Lee Woon Shiu, head of wealth planning at Bank of Singapore, and Chee Fang Theng, Singapore-based director of international tax and trust law at law firm Pan Asia Wikborg Rein, teamed up to answer China Offshore Quarterly's questions on private banking through offshore jurisdictions.
Q: What is private banking? How does it differ from other types of banking?
A: Private Banking is a holistic suite of wealth management, investment, estate planning and other associated financial services provided by banks to high net-worth individuals. As a result of the highly dedicated and customized services rendered on a more personal basis, "private" banking differs from "retail" consumer or "affluent" banking in the degree of attention dedicated to each client. The range of services as well as products offered are also more sophisticated, given that private banking clients are typically more investment savvy. Private banking is far more intimate than "investment banking" or "retail banking" because clients often share details of their personal life with their private bankers, such as their philanthropic objectives. Such insights allow private bankers to advise and offer the right wealth planning solutions to achieve those goals.
Q: Why would Chinese investing offshore be interested in private banking?
A: Private bankers have access to possibly the widest range of asset management, investment, estate planning, global mortgage, life insurance and associated financial tools to deliver solutions to achieve almost all personal investment and succession planning needs of high net-worth Chinese investors. These investors are often unable to avail themselves of these services on a comparable scale and depth onshore within China, so they should take advantage of the availability of such services outside China to achieve optimal wealth management and estate planning benefits.
Q: How do you approach financial planning for individuals and families entering private banking for the first time?
A: There are diverse and sometimes conflicting needs of different high-value individuals within a family -- often where decisions can be more sensitive and complicated. The starting point of planning is to assess the needs and objectives of a wealthy individual, usually the patriarch, matriarch, founder or their families. Sometimes there may not be a very clear differentiation between business and personal financial needs. For example, a wealthy individual or family could still own significant stakes in businesses and have a continuing role in corporate strategy and day-to-day business operations. This can give rise to many legal issues to be considered in order to achieve the objectives of protecting the privacy of the individual, preserving assets, planning for succession and minimizing conflict within the family and with the business.
Q: What advantages can offshore jurisdictions offer in terms of private banking (for example, tax planning)?
A: Offshore jurisdictions offer a discrete and tax efficient platform for clients to engage in private banking, particularly in asset management, long-term estate planning, succession and family governance strategizing. Offshore jurisdictions often also have favorable legal, regulatory and tax regimes designed specifically to encourage asset management and trust administration activities, and these will undoubtedly translate to a more dynamic platform for clients to conduct their private banking activities. Different jurisdictions may offer unique planning opportunities as well as give rise to different sets of legal challenges. Multi-jurisdictional planning is required for international transactions and structures, particularly to deal with international needs of the individual and the families, who may have members and assets spread all over the world.
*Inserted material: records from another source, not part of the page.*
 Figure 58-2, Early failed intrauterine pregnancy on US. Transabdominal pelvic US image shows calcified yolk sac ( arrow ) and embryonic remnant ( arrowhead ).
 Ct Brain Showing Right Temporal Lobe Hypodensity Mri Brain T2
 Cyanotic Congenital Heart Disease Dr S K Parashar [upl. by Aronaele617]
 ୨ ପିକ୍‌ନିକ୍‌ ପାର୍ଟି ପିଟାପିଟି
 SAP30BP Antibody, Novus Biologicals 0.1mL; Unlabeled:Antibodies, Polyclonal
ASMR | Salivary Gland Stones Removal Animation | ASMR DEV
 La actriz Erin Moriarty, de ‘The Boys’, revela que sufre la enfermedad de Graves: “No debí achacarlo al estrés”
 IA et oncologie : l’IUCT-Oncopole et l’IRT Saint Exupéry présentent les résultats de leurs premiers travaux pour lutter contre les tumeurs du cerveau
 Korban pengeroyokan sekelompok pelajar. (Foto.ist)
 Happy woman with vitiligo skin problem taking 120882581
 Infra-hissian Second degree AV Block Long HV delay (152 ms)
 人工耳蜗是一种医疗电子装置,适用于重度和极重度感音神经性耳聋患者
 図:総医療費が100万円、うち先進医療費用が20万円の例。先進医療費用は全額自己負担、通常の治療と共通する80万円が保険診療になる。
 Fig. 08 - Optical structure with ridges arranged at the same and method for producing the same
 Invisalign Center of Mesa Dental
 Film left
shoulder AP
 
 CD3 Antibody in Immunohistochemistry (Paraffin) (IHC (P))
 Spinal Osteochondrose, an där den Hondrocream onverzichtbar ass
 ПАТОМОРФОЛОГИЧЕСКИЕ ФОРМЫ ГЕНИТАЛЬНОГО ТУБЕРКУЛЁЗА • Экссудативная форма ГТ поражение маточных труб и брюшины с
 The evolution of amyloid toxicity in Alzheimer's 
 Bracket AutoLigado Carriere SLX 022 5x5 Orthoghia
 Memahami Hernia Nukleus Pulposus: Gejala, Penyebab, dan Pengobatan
Q: What are some of the more popular investment products that are available through private banking?
A: Investment products popular among Asian private banking investment include fixed-income corporate and sovereign bond investments; listed stocks across global exchanges; exchange traded, mutual and hedge funds; structured notes, options and other financial derivative instruments; and discretionary portfolio management mandates. Products can also be structured or combined in trusts, foundations, family holding entities and cross holding structures, allowing for greater flexibility to meet the objectives of private banking clients. A team of experts which includes both bankers and lawyers would be required to put together a suitable structure best able to achieve these aims over the long term.
Q: What are some popular jurisdictions for offshore private banking?
A: Switzerland is the traditional bastion of private banking. Popular tax-free jurisdictions include Jersey, Cayman and Bermuda. Hong Kong and Singapore, which are well-established and have developed infrastructure and private banking experts.
Q: What are the most important aspects of regulation regarding private banking?
A: Regulations relating to the control of the competency and the fostering of high market conduct standards of private banking professionals are expected to assume increasing importance, as will ancillary policies dealing with areas such as ethics and professionalism, client relationship management and risk management. Investors should also be aware of the increasing transparency of exchange of tax information globally and the leveling of the playing field for all private banking hubs from a tax perspective. An understanding and appreciation of these global trends may have long-term impact on the choice of private banking products as well as long-term lifestyle choices for clients, such as immigration and permanent residency applications.